Gian Piero Gasperini continua a non avere il cento per cento del gradimento popolare perché c’è chi non dimentica o non vuole dimenticare, ma i suoi primi mesi alla guida della Roma raccontano fatti al di sopra di ogni antipatia. Cosa gli vuoi rimproverare, del resto, a un capolista che ha cominciato a lavorare a Trigoria soltanto nello scorso luglio e con una rosa incompleta? A uno che era stato preso per la qualità del suo gioco offensivo e che adesso si ritrova con la miglior difesa d’Europa e un attacco tra i meno prolifici del pianeta? Qualcosa è cambiato. Anzi, molto è cambiato. Forse perché è cambiato lui, il Gasp. Abituato a muoversi a Bergamo con il pilota automatico, nella Capitale è stato costretto a prendere nuove lezioni di guida e a ridare l’esame per la patente. Con l’obbligo, strada facendo, di sperimentare percorsi alternativi, riuscendo ad arrivare sempre (più o meno) a destinazione. Accosti: promosso, può scendere.
La sua Roma, nonostante le quindici partite ufficiali alle spalle, è ancora tutta da scoprire. Perché o vince o perde, mai pareggia. Perché sistematicamente se va in vantaggio vince mentre se va sotto perde. Perché con (sole) 12 reti all’attivo sta lì, più in alto di tutti. Roba non usuale, roba non normale. Urge normalizzare la faccenda, migliorando il migliorabile.
Una cosa, intanto, è sicura: la Roma è una squadra che segue per filo e per segno il suo allenatore. La squadra crede in quello che le viene detto, crede in ciò che le viene insegnato. La squadra si fida, anche dei suggerimenti apparentemente meno credibili. La squadra è consapevole di ciò che fa. E tutto questo ha il marchio GPG, che è riuscito a entrare nelle teste dei suoi uomini in maniera tenera e spietata. Convincendo, ad esempio, uno come Mancini a giocare (bene assai) da mediano/intermedio/mezzala anche se mascherato da difensore centrale di destra; oppure traendo il massimo da un Pellegrini degradato; o sistemando a sinistra un destro dalla nascita come Wesley; e pure trasformando un indecifrato difensore come Celik in un’arma letale dietro e davanti, per dirne soltanto alcune.

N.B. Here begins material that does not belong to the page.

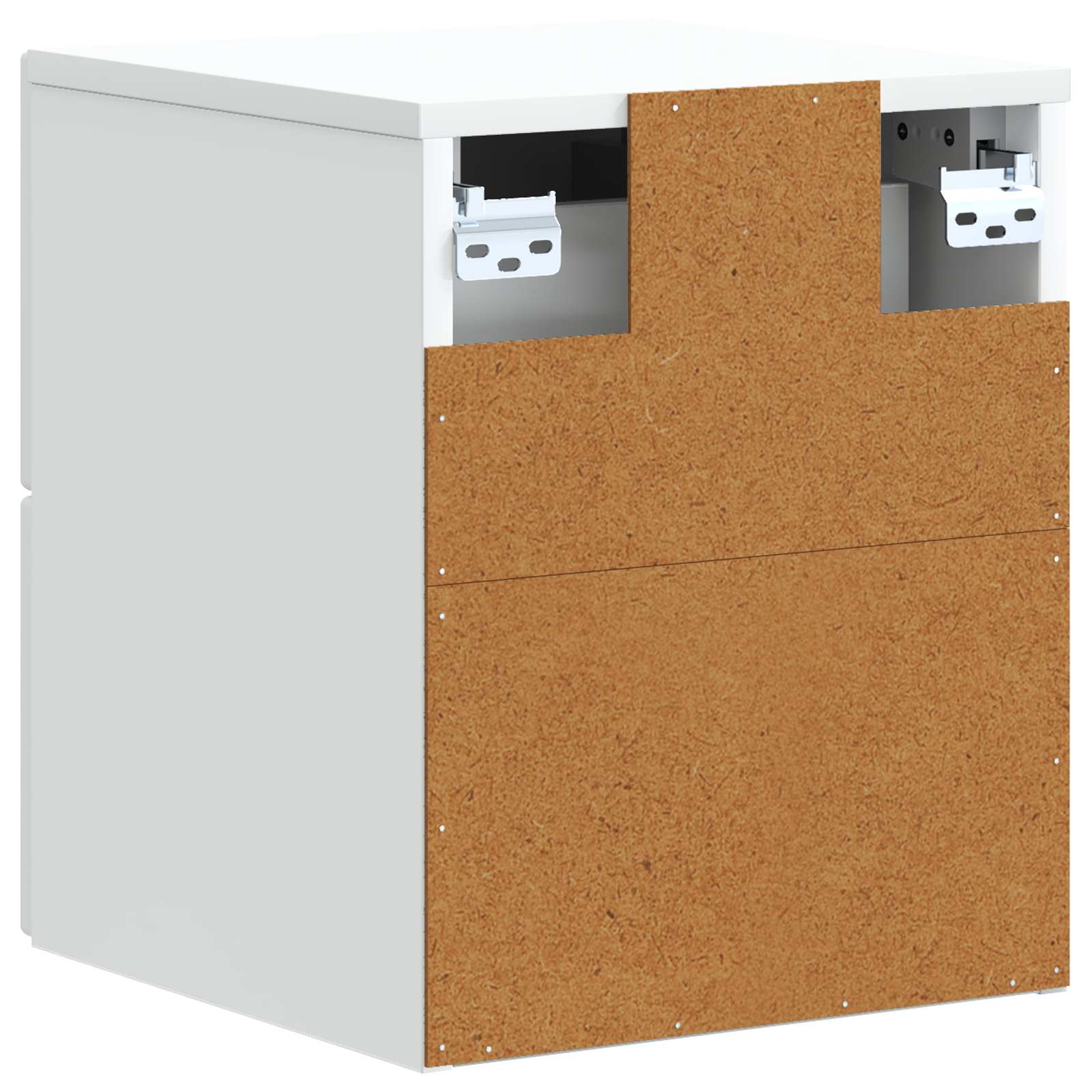 Cabinet de chevet mural 2 pcs Blanc 33 x 34,5 x 40 cm - XIOS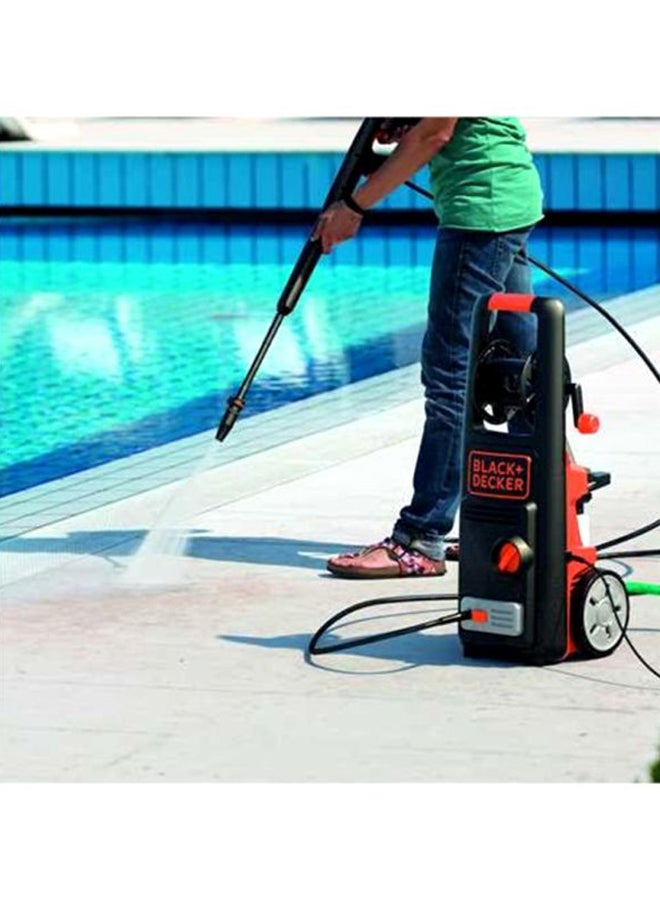 BLACK+DECKER - 1800W 135 Bar Pressure Washer Cleaner for Home, Garden and Vehicles, Black/Orange - BXPW1800E-B5, 2 Years Warranty Orange/Black - Image 1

La Roma non è la squadra più forte del campionato e, forse, non lo sarà neppure quando i Friedkin porteranno a Trigoria (li porteranno, vero?) i giocatori invocati (già) dalla scorsa estate da Gasp. Ma la Roma, calcolando tutto e tutti, finora è stata la più brava del campionato. Non era scontato che lo fosse. Specie senza un centravanti.